Requirement. Beginning at the line that holds "Chalet independiente en" and continuing to the last line of the data below, transcribe every line word for word, without pictures.

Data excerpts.
========================================

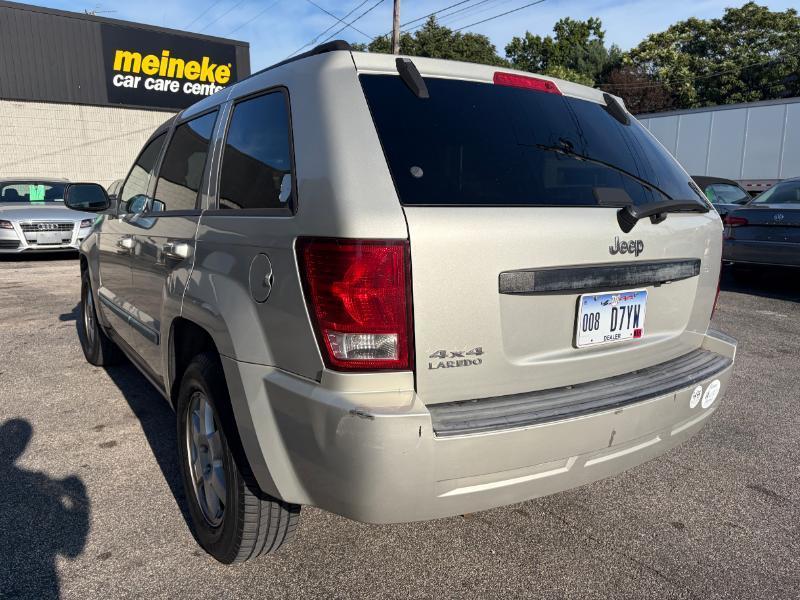 Jeep Grand Cherokee Laredo 4WD 2009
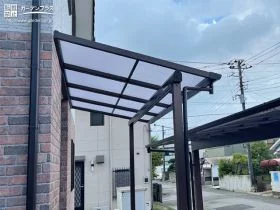 玄関から駐車スペースへの行き来がしやすいテラス屋根[施工後]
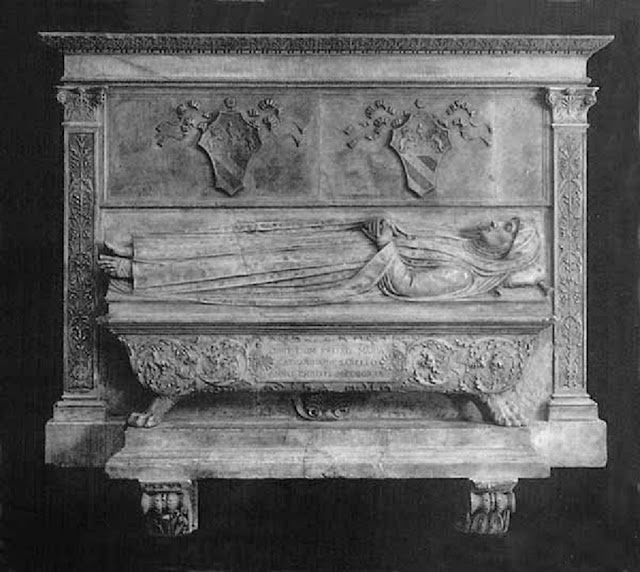 Мраморная гробница Доссены, приписываемая Мино да Фьезолю, в Музее изобразительных искусств, Бостон
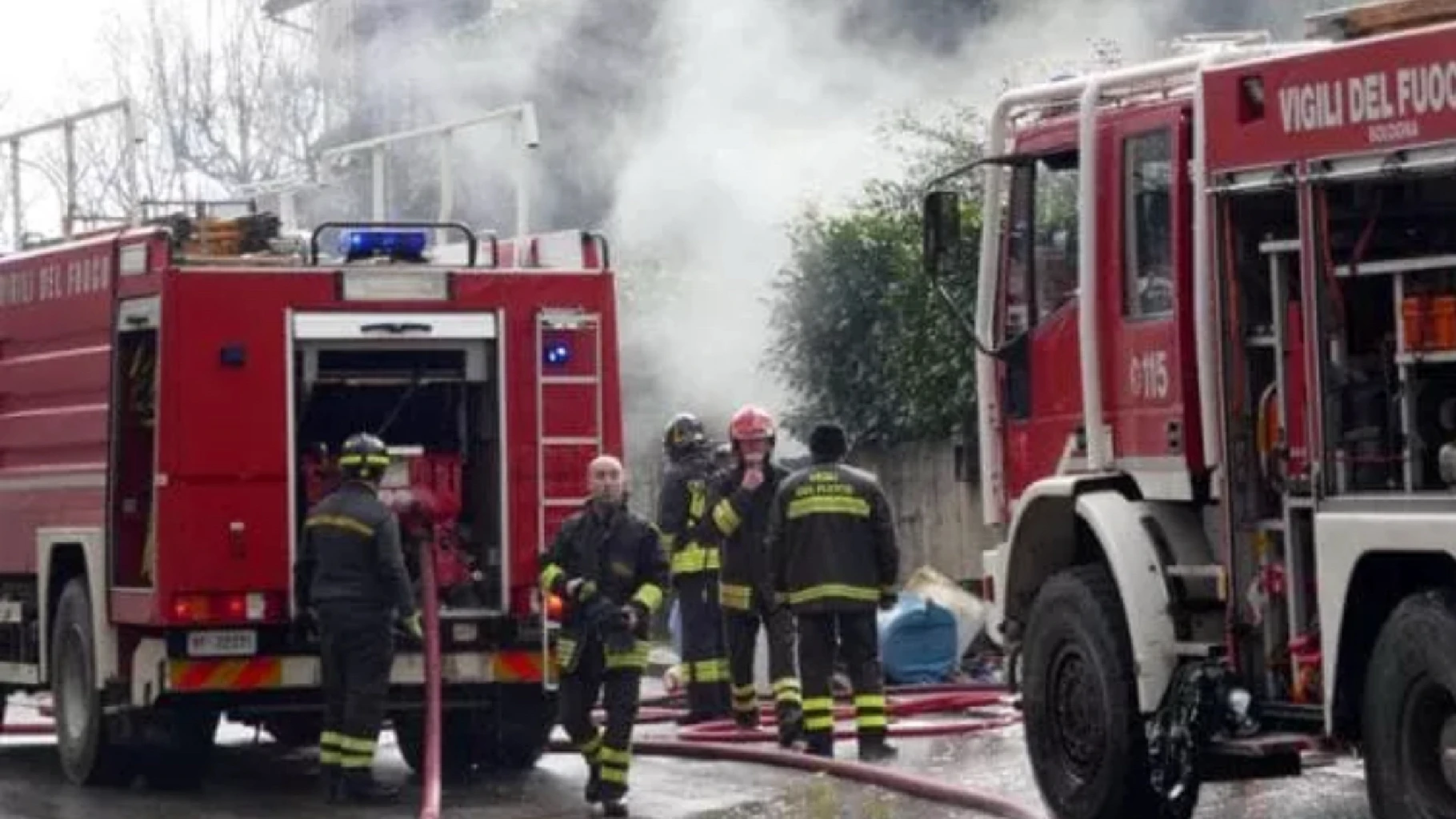 Italia, albero crolla su un’auto con quattro ragazzi: tragico bilancio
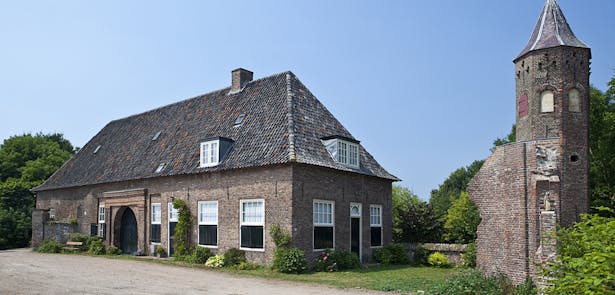 Kasteelse Hof te Ooy huis met toren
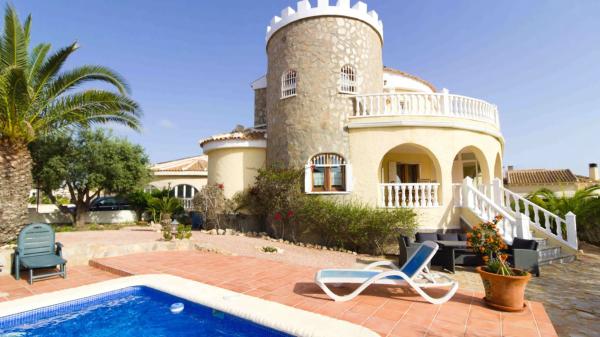 Chalet independiente en venta en Calle Romeria, Rojales
photo 1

========================================

Your response.
 Chalet independiente en venta en Calle Romeria, Rojales
photo 1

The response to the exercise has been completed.